J'ai un *iMac Intel Duo Core* fin 2009, sous *OS X Lion* désormais...
Et j'aimerai me lancer dans la personnalisation de mon interface car je regarde le même écran depuis trop longtemps! >.<

Problème c'est que je ne m'y connais pas du tout... je sais juste changer un icone d'application...

Bien entendu... je ne suis pas demeuré... j'ai regarder les topic épinglé en tête de forum et j'ai jeter un oeil au tuto... Le problème? Le sujet du tuto date de 2008... La plupart des logiciels sont aujourd'hui obsolète avec les différentes MàJ de OS X...

Donc si quelqu'un aurait la sympathie de me transmettre soit un tuto à jour... Ou des logiciels opérationnels avec des explications ou autre. Ce serai vraiment sympa... Parce que voir vos interface dans le topic où vous les exposez bah ça donne vachement envie...


*Misaki_NHK
Welcome to the Hapiness*


----------



## Calderan (10 Août 2011)

Si tu expliquais ce que tu veux faire, ce serais plus simple.
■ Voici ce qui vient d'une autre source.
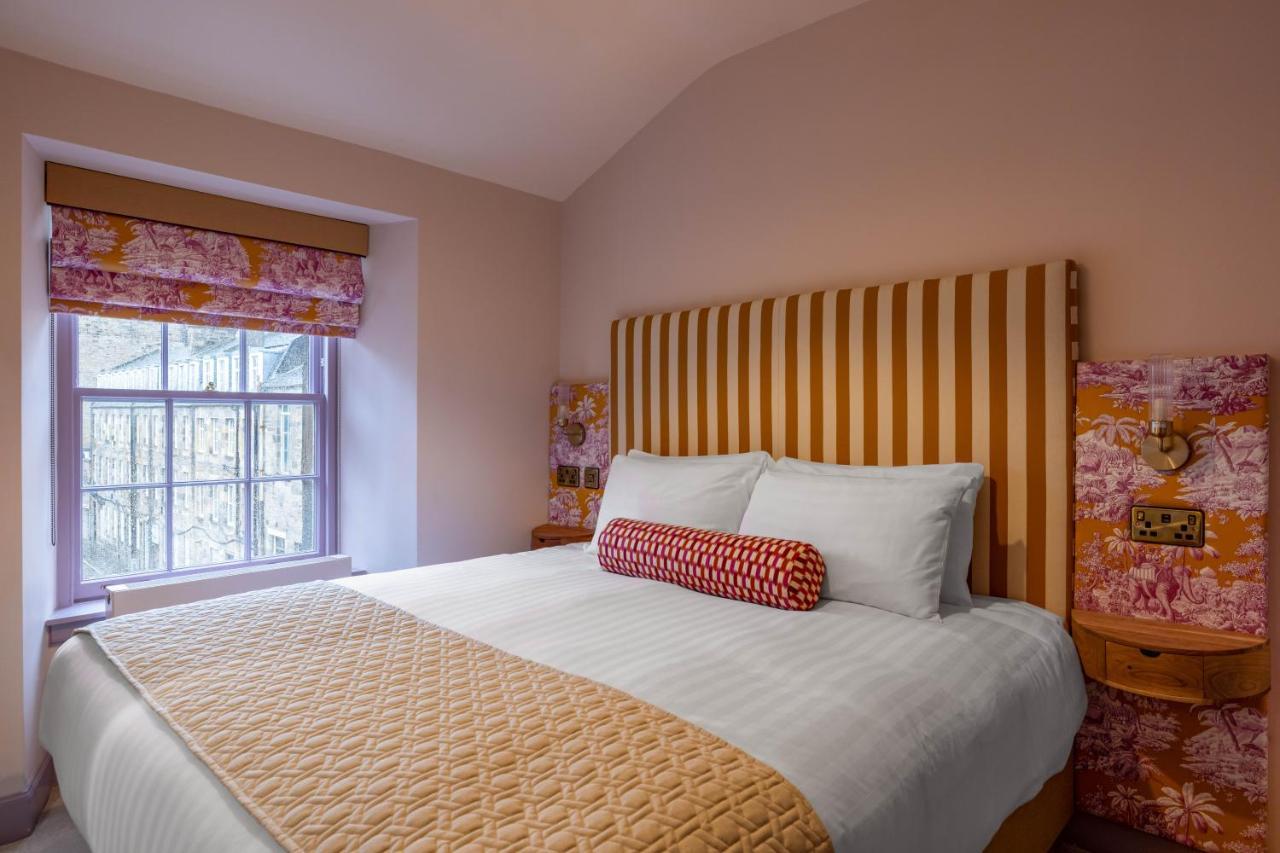 Hotel Eleven Stafford Street Townhouse (Adults Only) Edimburgo Esterno foto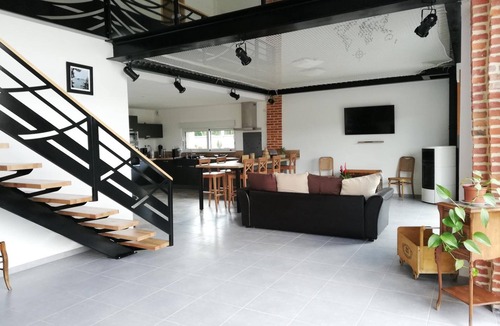 Honnecourt-sur-Escaut House | La Grange du Bosquet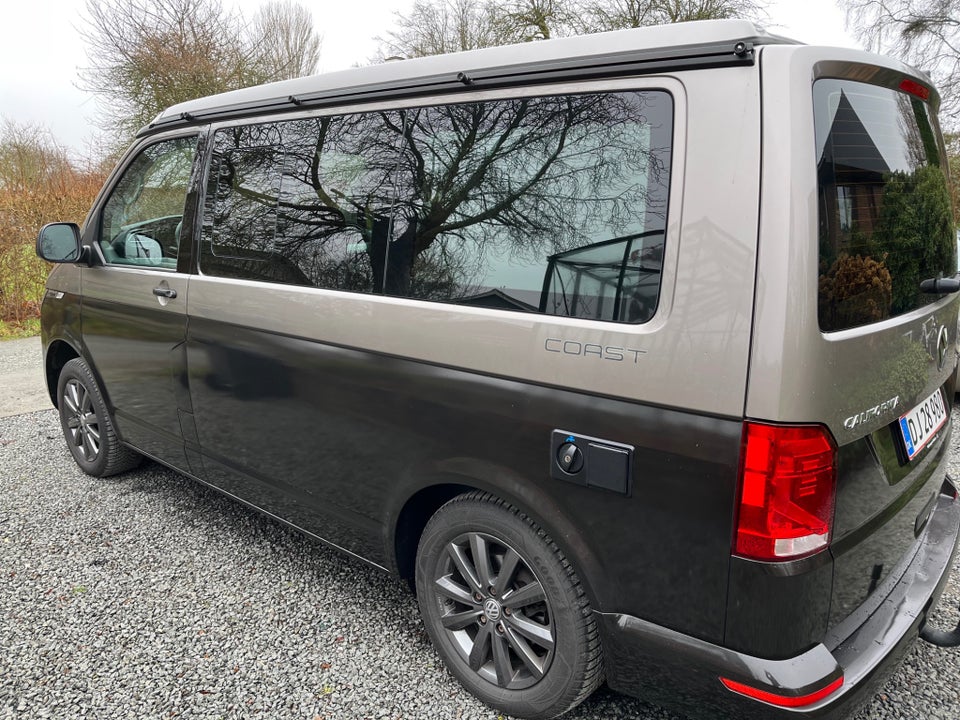 VW California 2,0 TDi 150 Coast DSG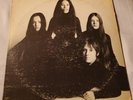 FANNY FANNY HILL LP ORIGINAL VG+ VINYL w/ INSERT rare female rock 1972 ms-2058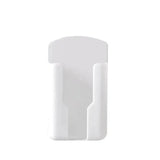 No-Drill Wall-Mounted Remote Control Holder
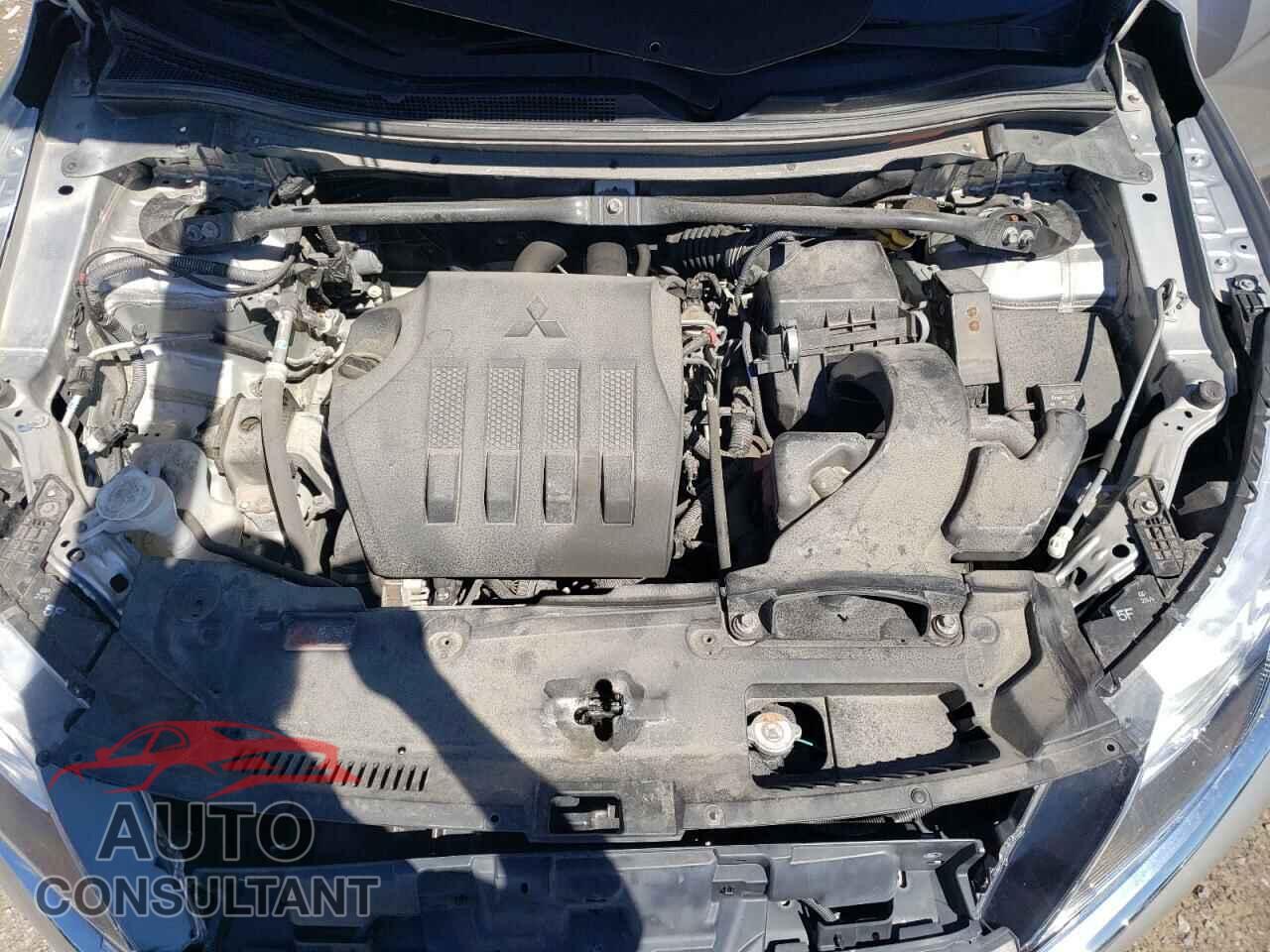 MITSUBISHI ECLIPSE 2018 - JA4AT3AA8JZ607369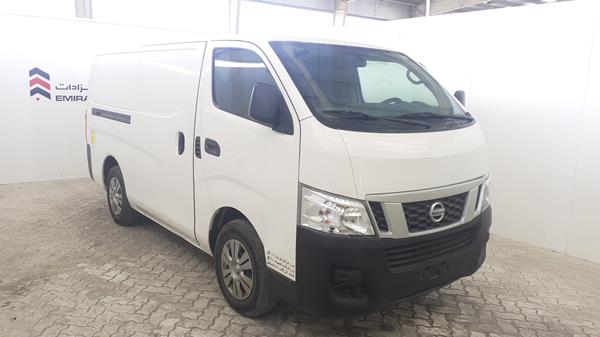 Photo 9 VIN: JN6BE6ASXG9003715 - NISSAN URVAN 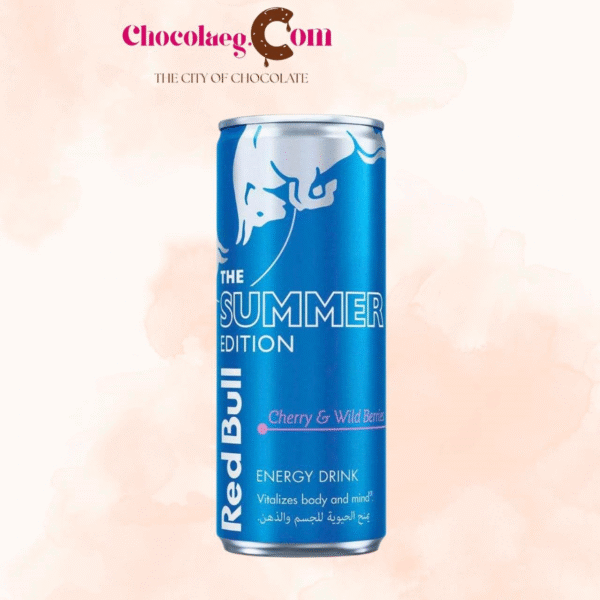 Red Bull Cherry & Wild Berries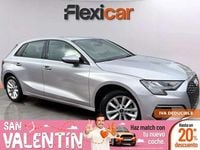 Usado Audi A3 Sportback S-Line 110 CV (80 kW) 2023 Gris Utilitario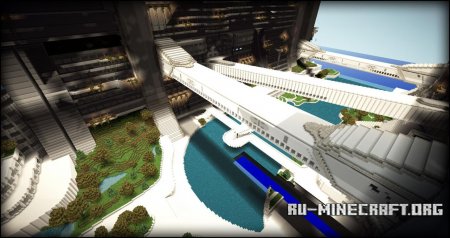  Mass Effect Presidium  Minecraft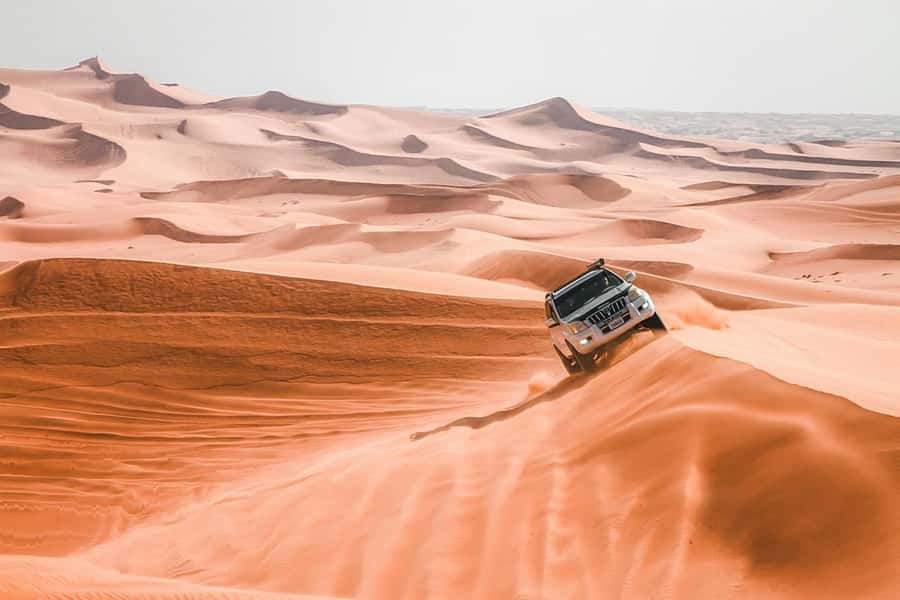 Merzouga 4x4 Desert Tours & Excursions - What the $46 price includes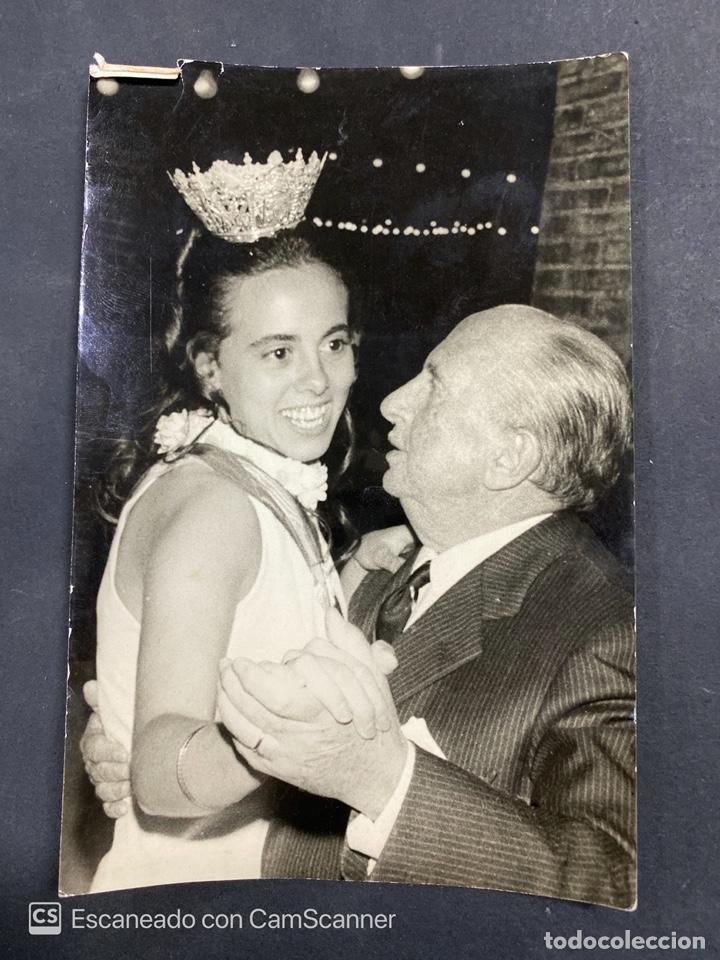 Fotograf&iacute;a antigua: FOTOGRAFIA. CADIZ, REINA DEL CARNAVAL. FOTOS MOVELLAN. CARNAVALES. VER FOTOS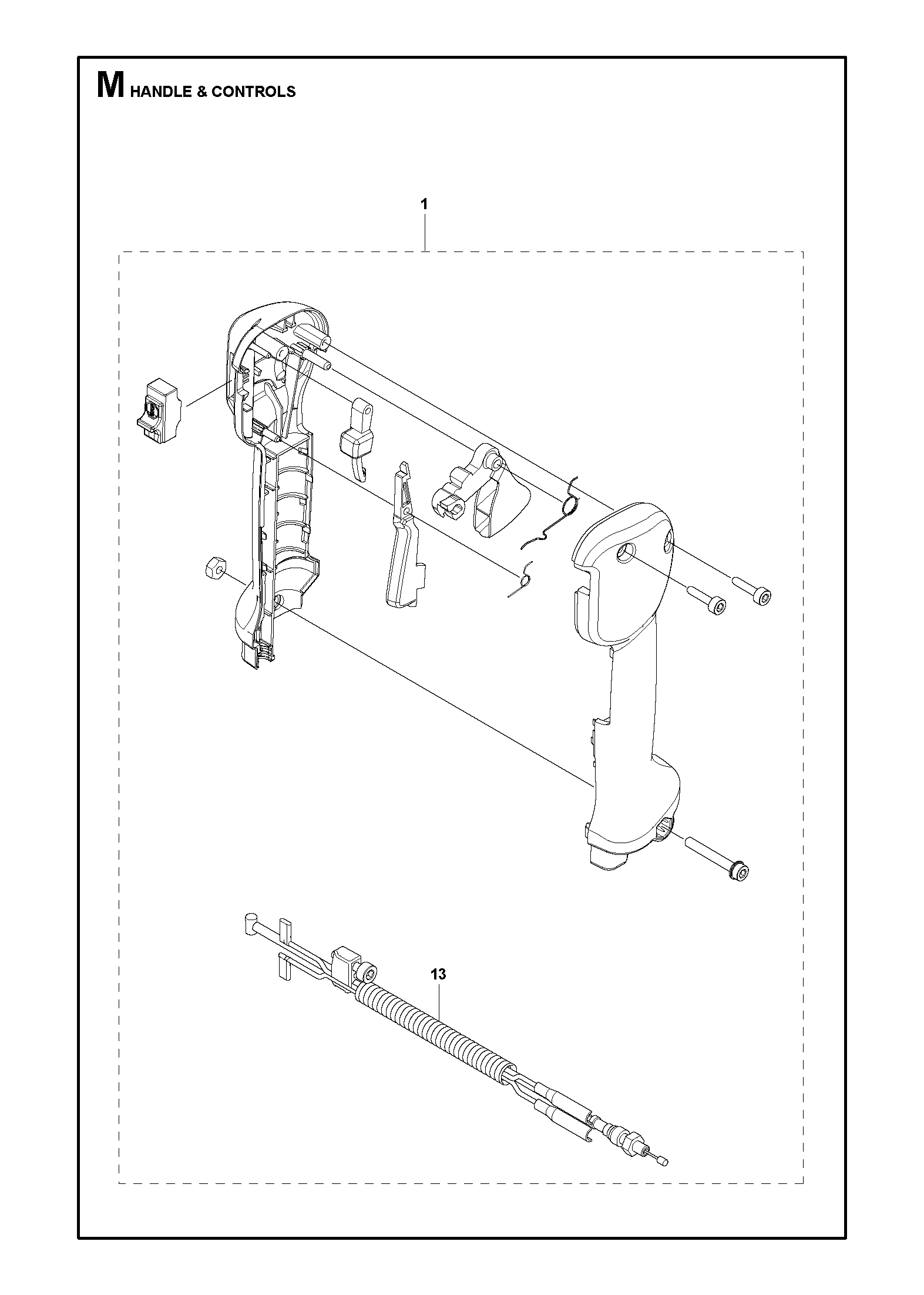 IGNITION SYSTEM & CLUTCH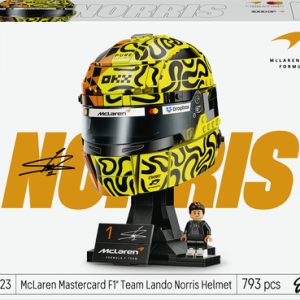 LEGO Editions – Formula 1 – Lando Norris 43023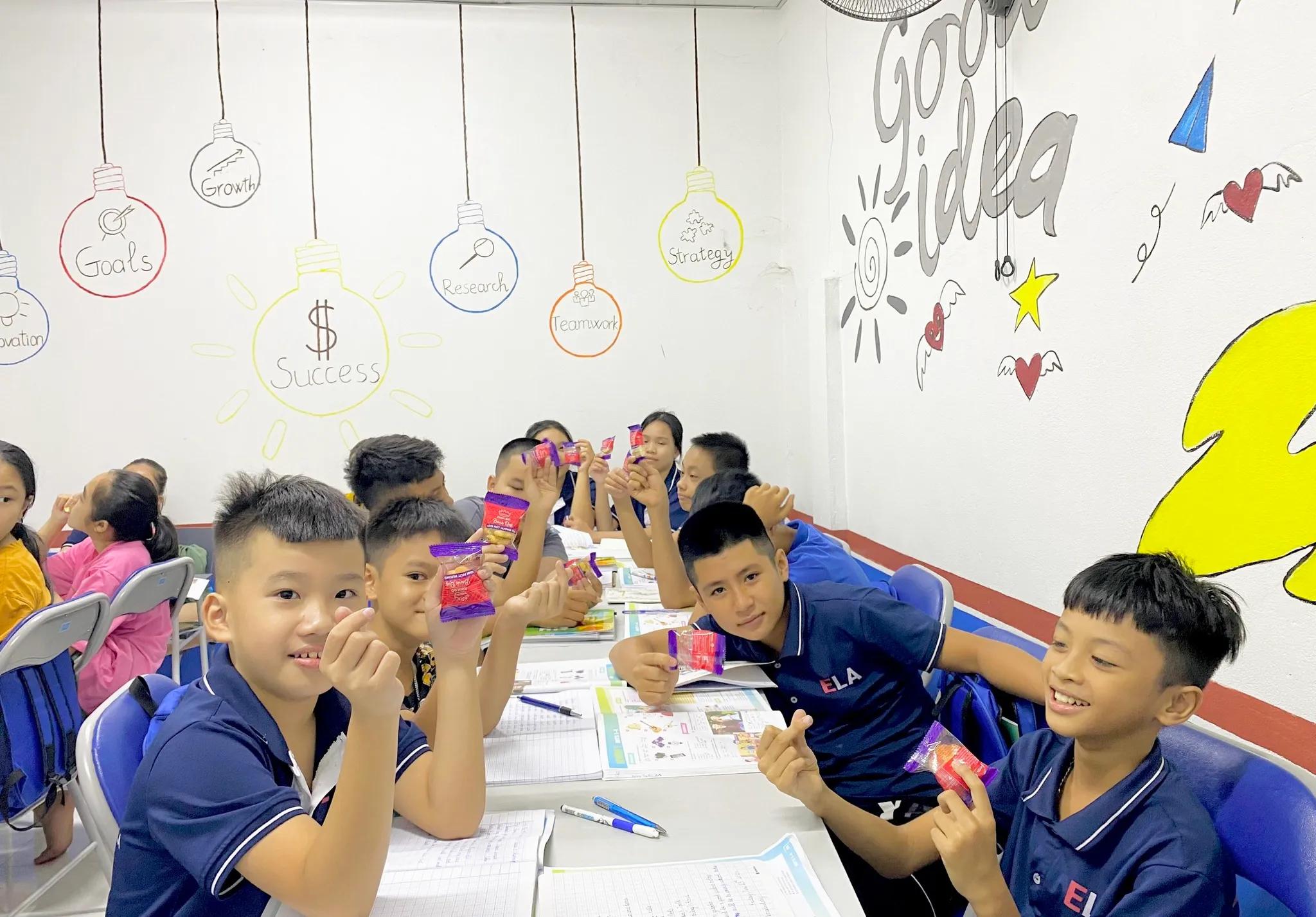6 Địa chỉ học tiếng Anh chất lượng nhất tại Thị xã Thái Hòa, Nghệ An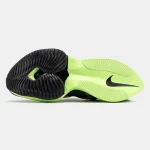 Nike Air ZoomX Alphafly 2 Black Green - Зображення 8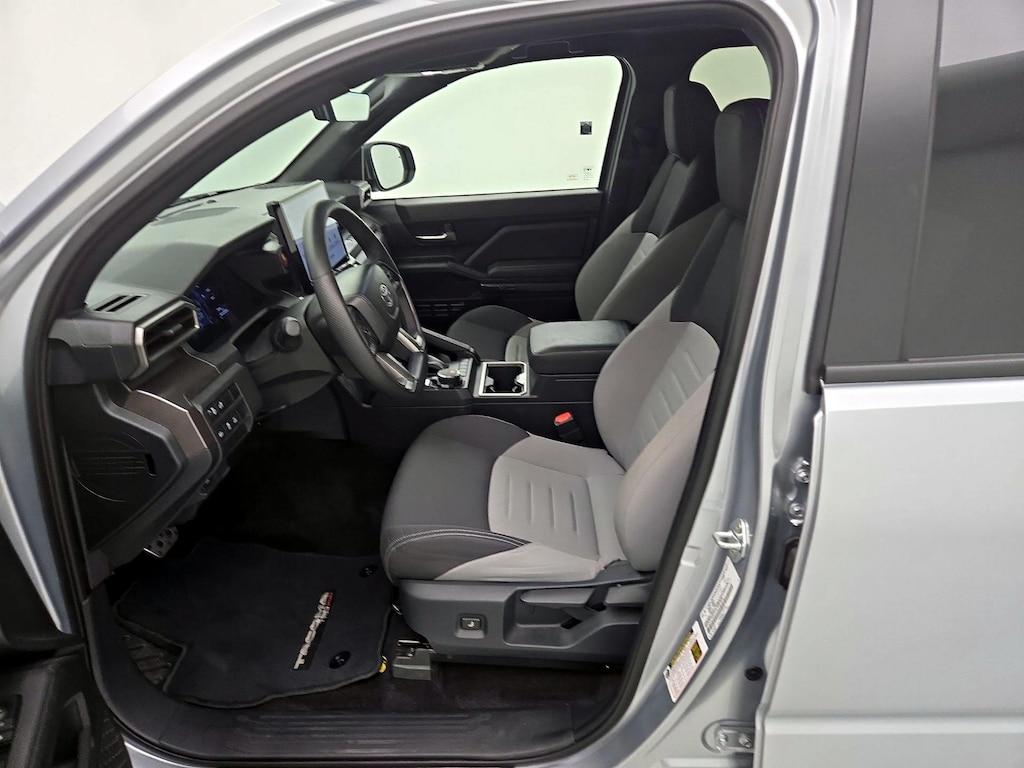 used 2024 Toyota Tacoma car, priced at $45,998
La customisation n'est pas une science exacte et il existe des tas de logiciels pour ça.
Candybar, geektools, superdocker, dateline, ... pour ne citer que ceux que j'emploie
La plupart sont compatible Lion mais sans savoir ce que tu cherches comme résultat c'est difficile de t'aiguiller.


----------



## Misaki_NHK (10 Août 2011)

Bah écoute... en fouillant et en regardant certaines interfaces j'aimerai bien avoir un rendu de ce genre... Apres je pourrai y apporter des touches personnelles si j'apprend a utilisé les logiciels...

http://imageshack.us/photo/my-images/14/deskaot11.jpg/


----------



## Calderan (10 Août 2011)

La barre de menu noire c'est Obsidian Menu Bar que tu trouveras sur http://www.maxthemes.com/
les icônes peuvent être modifiée avec Candybar (tu trouveras des tonnes d'icônes sur http://findicons.com/)
Pour le reste je pense qu'il vaut mieux que le créateur du desk passe répondre


----------



## Misaki_NHK (10 Août 2011)

Eh bien merci à toi je vais commencer par ça


----------



## Calderan (10 Août 2011)

Misaki_NHK a dit:


> Eh bien merci à toi je vais commencer par ça



De rien, et n'hésite pas à chercher ou à poser des questions si tu bloques sur un truc


----------



## Misaki_NHK (10 Août 2011)

J'ai un petit probleme j'ai installé Obsidian Bar mais  tout mes icones et mes textes reste noirs du coup rien n'apparait, et sur certaines applications la barre reprend sa couleurs précédente...


----------



## Larme (10 Août 2011)

Du coup, si t'es sous Lion, j'ai dû mal à croire que ton iMac soit Core Duo...
Core2Duo sûrement...


----------



## Misaki_NHK (10 Août 2011)

Oui petite faute c'est bien un Core 2 Duo


----------



## Calderan (10 Août 2011)

Misaki_NHK a dit:


> J'ai un petit probleme j'ai installé Obsidian Bar mais  tout mes icones et mes textes reste noirs du coup rien n'apparait, et sur certaines applications la barre reprend sa couleurs précédente...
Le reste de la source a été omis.